Al entrar el sacerdote -seguíanle vecinas amigas de andar en últimos trances-, Cara de Ángel se arrancó de la cabecera de Camila con pasos que sonaban a raíces destrozadas. La fondera arrastró una silla para el Padre y luego se alejaron todos.

– … Yo, pecador, me confieso a Dios to… -se fueron diciendo.

– In Nomine Pater, et Filis et… Hijita: ¿cuánto hace que no te confiesas?…

– Dos meses…

– ¿Cumpliste la penitencia?

– Sí, Padre…

– Di tus pecados…

– Me acuso, Padre, que he mentido…

– ¿En materia grave?

– No…, que he desobedecido a mi papá y…

(… tic-tac, tic-tac, tic-tac).

– y me acuso, Padre…

(… tic-tac).

– … que he faltado a misa…

Enferma y confesor hablaban como en una catacumba. El Diablo, el Ángel Custodio y la Muerte asistían a la confesión. La Muerte vaciaba, en los ojos vidriosos de Camila, sus ojos vacíos; el Diablo escupía arañas, instalado en la cabecera de la cama, y el Ángel lloraba en un rincón a moco tendido.

– Me acuso, Padre, que no he rezado al acostarme y al levantarme y… me acuso, Padre, que…

(… tic-tac, tic-tac).

– ¡que he peleado con mis amigas!

– ¿Por cuestiones de honra?

– No…

– Hijita, has ofendido a Dios muy gravemente.

– Me acuso, Padre, que monté a caballo como hombre…

– ¿Y había otras personas presentes y fue motivo de escándalo?

– No, sólo estaban unos indios.

– Y tú te sentiste por eso capaz de igualar al hombre y por lo mismo en grave pecado, ya que si Dios Nuestro Señor hizo a la mujer, mujer, ésta no debe pasar de ahí, para querer ser hombre, imitando al Demonio, que se perdió porque quiso ser Dios.

En la mitad de la habitación ocupada por la fonda, frente a la estantería, altar de botellas de todos colores, esperaban Cara de Ángel, la Masacuata y las vecinas, sin chistar palabra, consultándose temores y esperanzas con los ojos, respirando a compás lento, orquesta de resuellos oprimidos por la idea de la muerte. La puerta medio entornada dejaba ver en las calles luminosas el templo de la Merced, parte del atrio, las casas y a los pocos transeúntes que por allí pasaban. Cara de Ángel sufría al ver a esas gentes que iban y venían sin importarles que Camila se estuviera muriendo; arenas gruesas en cernidor de sol fino; sombras con sentido común; absurdo contrasentido de los cinco sentidos; fábricas ambulantes de excremento…

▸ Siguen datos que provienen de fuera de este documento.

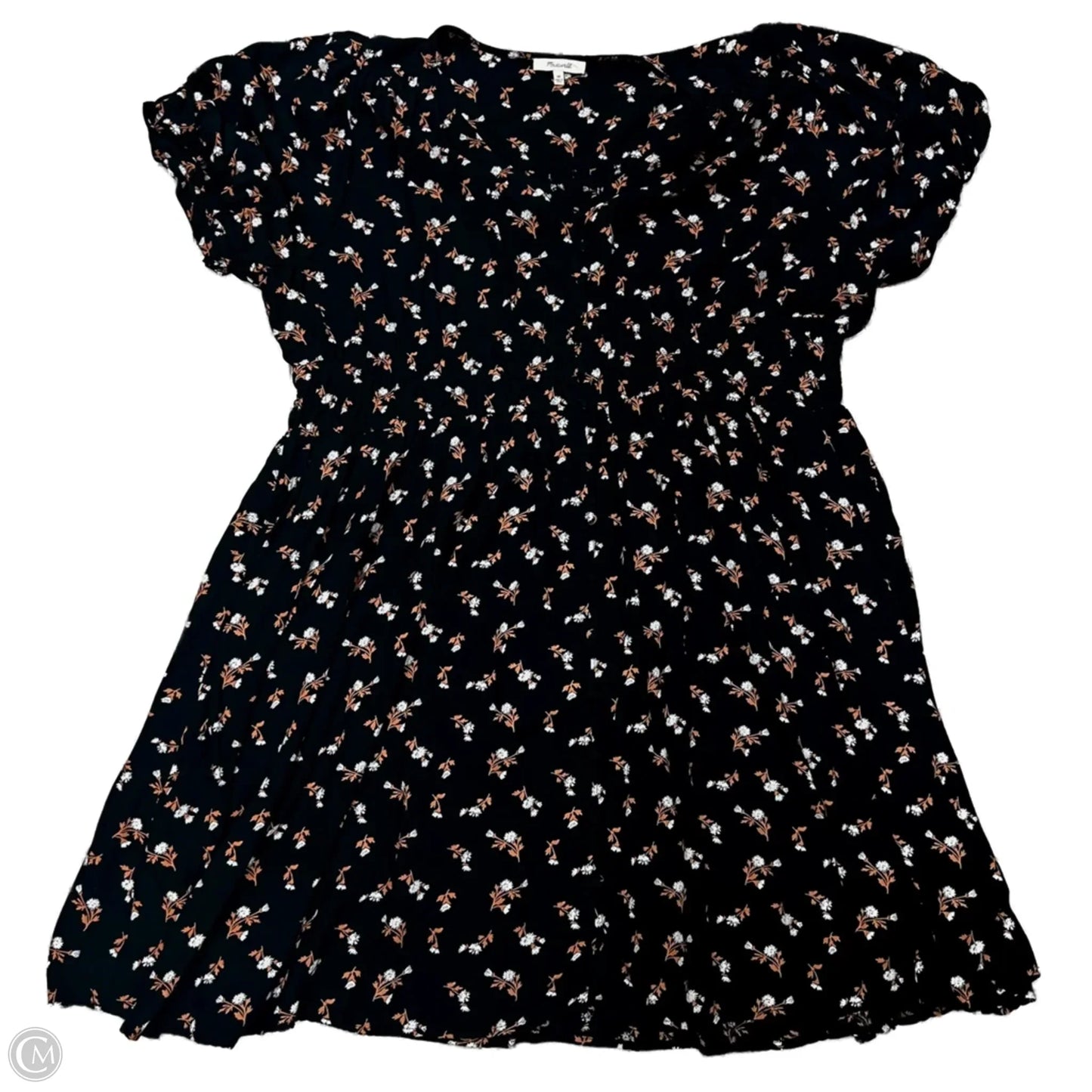 Dress Casual Short By Madewell In Black & Orange, Size: 3x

Por el silencio arrastraba cadenitas de palabras la voz del confesor. La enferma tosió. El aire rompía los tamborcitos de sus pulmones.

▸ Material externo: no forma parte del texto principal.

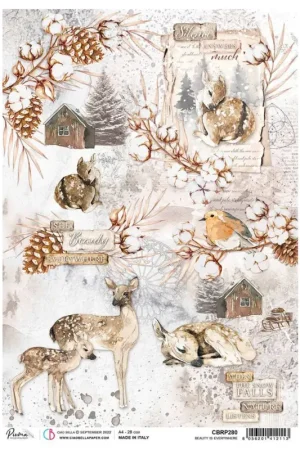 Soie de paille à motifs « Cosy Winter » Meilleur Choix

– Me acuso, Padre, de todos los pecados veniales y mortales que he cometido y que no recuerdo.

Los latines de la absolución, la precipitada fuga del Demonio y los pasos del Ángel que, como una luz, se acercaba de nuevo a Camila con las alas blancas y calientes, sacaron al favorito de su cólera contra los transeúntes, de su odio inexplicable por todo lo que no participaba de su pena, odio infantil, teñido de ternura, y le hicieron concebir -la gracia llega por ocultos caminos- el propósito de salvar a un hombre que estaba en gravísimo peligro de muerte; Dios, en cambio, tal vez le daba la vida de Camila, lo que, según la ciencia, ya era imposible.